Lending AI Parsers (July 31)

  • HITL is now supported on some Lending AI parsers including 1040, 1040 Schedule E, 1040 schedule C, 1099 DIV, 1099 G, 1099 INT, 1099 MISC, Paystubs, Banks Statements, W2, W9, 1120, 1120S, 1065, SSA-1099, 1099 NEC, 1099-R

Standard vs Fast Track Queues (July 2)

  • We now support 2 priority queues (vs 1 queue) for each processor, based on the urgency of each document.
  • Submission - After prediction, the extracted documents can be evaluated for urgency and submitted to 2 queues (Standard vs Urgent/Fast-track) based on urgency of the document. For example, invoices with urgent due-dates can be submitted to the Fast-track queue.

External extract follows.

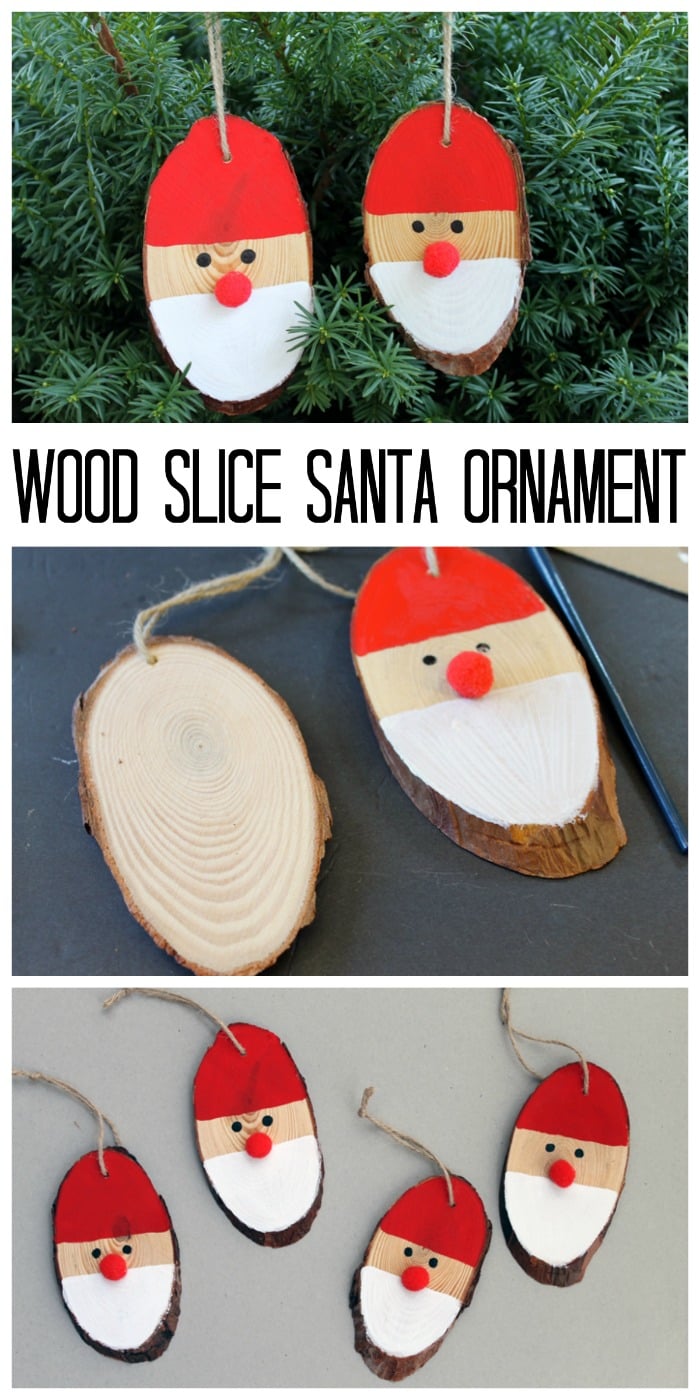 Santa wooden ornaments Pin image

The logic that evaluates the urgency can be entered through a custom function.
  • Task Assignment - The labeling manager sees 2 different queues with different priorities, as shown in the screenshot below, and may assign the same group of labelers to both queues.
  • Task Prioritization - Labelers assigned to both tasks will always process any pending documents in the Fast-track queue first before processing the Standard queue (i.e. the queue prioritization is automatically handled by the system)
  • API call - Set the priority field in the ReviewDocument
  • UI screenshot (of tasks in Labeling Manager UI) UI Screenshot

Validation Filters for HITL End-point (June 24th)

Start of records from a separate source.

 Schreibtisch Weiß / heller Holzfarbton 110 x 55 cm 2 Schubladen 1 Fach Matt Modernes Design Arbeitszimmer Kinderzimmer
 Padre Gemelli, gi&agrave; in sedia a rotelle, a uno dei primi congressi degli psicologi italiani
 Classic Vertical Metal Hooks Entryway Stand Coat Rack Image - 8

  • The validation filters (configured in the processor) that filter the fields by confidence score to determine documents to be queued for human review, are now also applied to documents submitted to the HITL end-point.
  • When calling the ReviewDocument API, set the enable_schema_validation field to true. Note that if this is set, and validation decides the document doesn't need to trigger human review, an CANCELLED error will be returned.

Cancel API

  • You can cancel a doc enqueued for HITL processing by invoking the Cancel API for a given operation ID. [An operation ID is returned for each document submitted to HITL]

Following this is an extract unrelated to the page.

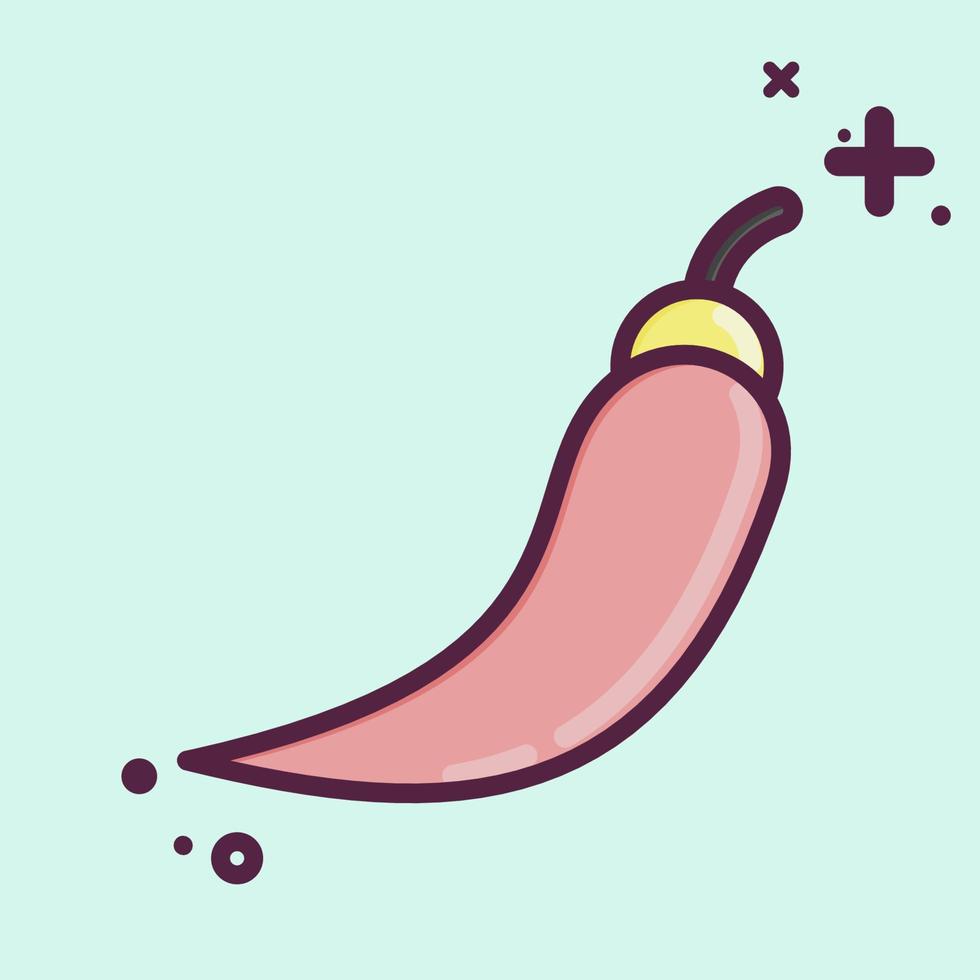 Icon Chili. related to Thailand symbol. MBE style. simple design editable. simple illustration. simple vector icons. World Travel tourism. Thai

         `POST https://[us|eu]-documentai.googleapis.com/{api_version}/{name=projects/*/operations/*}:cancel`
    

Invoice Type (Classification Review)

  • The Labeler Workbench supports reviewing Invoice Type classification. Invoice Type Classification

Time-in-queue (HITL Latency SLO) Report

  • A report shows how many documents are enqueued for >18 hours and >24 hours. This is useful for users that need to manage an SLO expectation on HITL latency. Time-in-Queue Report

Known URL for Labeler Workbench

  • Labelers that are assigned to a single pool can now access the workbench at a known URL https://datacompute.corp.google.com/w/. This is useful in case you lose the email with the URL that was sent by the system or Labeling Manager. This URL doesn't work for labelers assigned to multiple pools.

Sticky Zoom Setting

  • The plug-in now remembers a labeler's Zoom setting (full-width vs full-page) for the next document reviews in the queue, so that they don't need to Zoom in for every document.